O universo dos games, atualmente, tem nos apresentado experiências cada vez mais intensas, complexas e emocionalmente pesadas, com sistemas que exigem dedicação, experiência, habilidade e tempo. Vez ou outra, contudo, surgem propostas diametralmente opostas a essa complicação toda, que remetem a uma simplicidade descompromissada, quase juvenil, cuja proposta é a do mais puro relaxamento. TOEM: A Photo Adventure, game desenvolvido e distribuído pela Something We Made é, definitivamente, um destes casos.

Com um título como esse, há quem possa imaginar que temos aqui uma aventura que pega carona no sucesso do recente New Pokémon Snap, e em certa medida há algumas (pouquíssimas) similaridades entre essas duas produções tão diferentes.
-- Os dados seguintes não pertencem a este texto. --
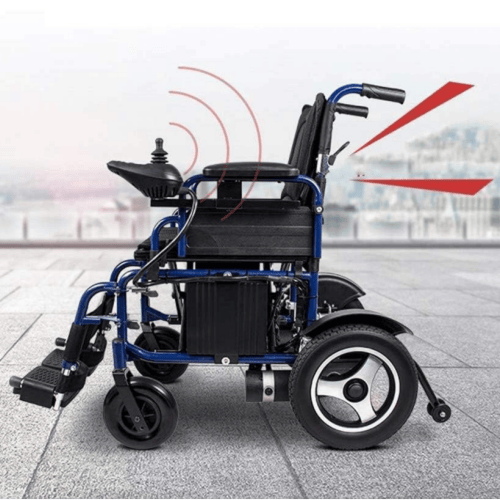 كرسي متحرك كهربائي خفيف الوزن قابل للطي مقاس 40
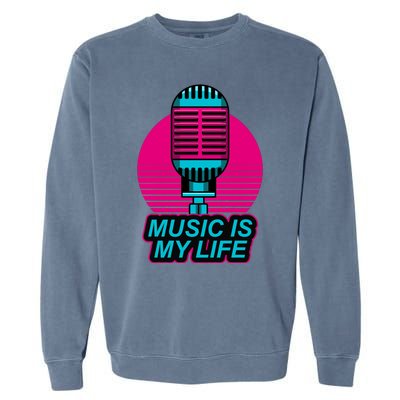 Music Is Life Garment-Dyed Sweatshirt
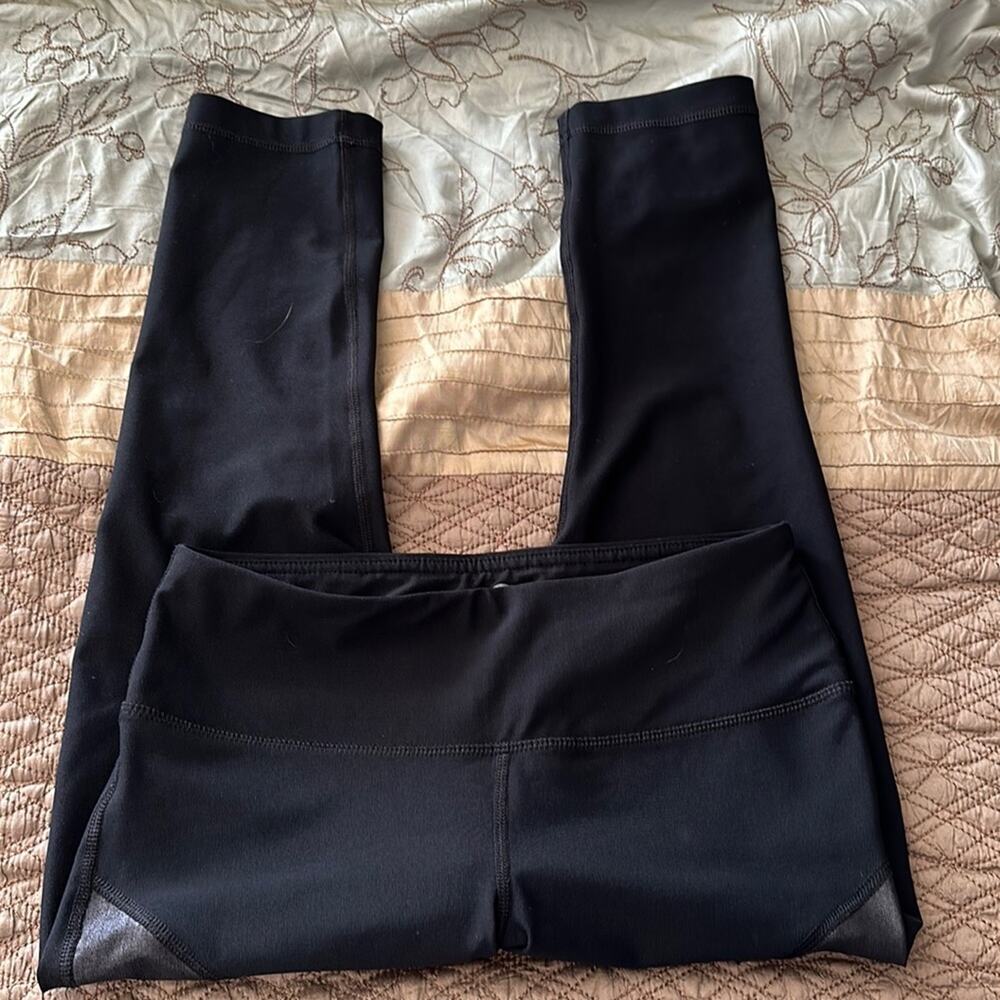90 Degrees by Reflex | Black and Gray Color Block Leggings Size S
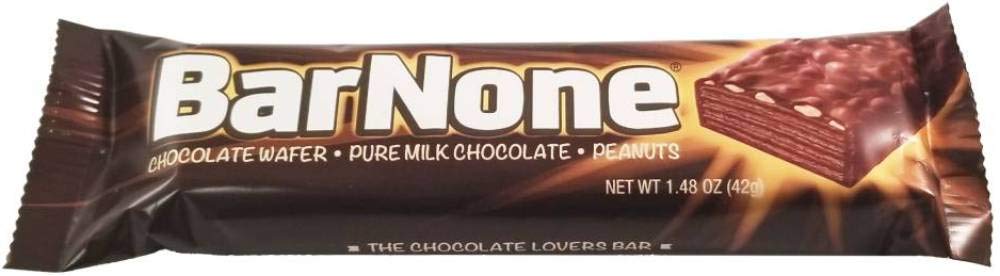 BarNone Chocolate Bar – Milk Chocolate, Wafer & Peanuts | 24 Count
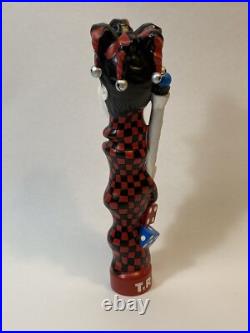 Joker Beer Tap Handle T. R. B Co Brewing Company Cards Dice Jester TAPHANDLES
Mas TOEM oferece uma jornada, felizmente, um pouco diferente e inovadora em vários aspectos. Aqui, assumimos o papel de um jovem curioso que sai de casa para conhecer o mundo e, munido de sua câmera fotográfica, vai desbravar um universo totalmente novo e cheio de surpresas. No caminho, fará novas amizades, ajudando a resolver muitos pequenos mistérios e fazendo a diferença por onde passa.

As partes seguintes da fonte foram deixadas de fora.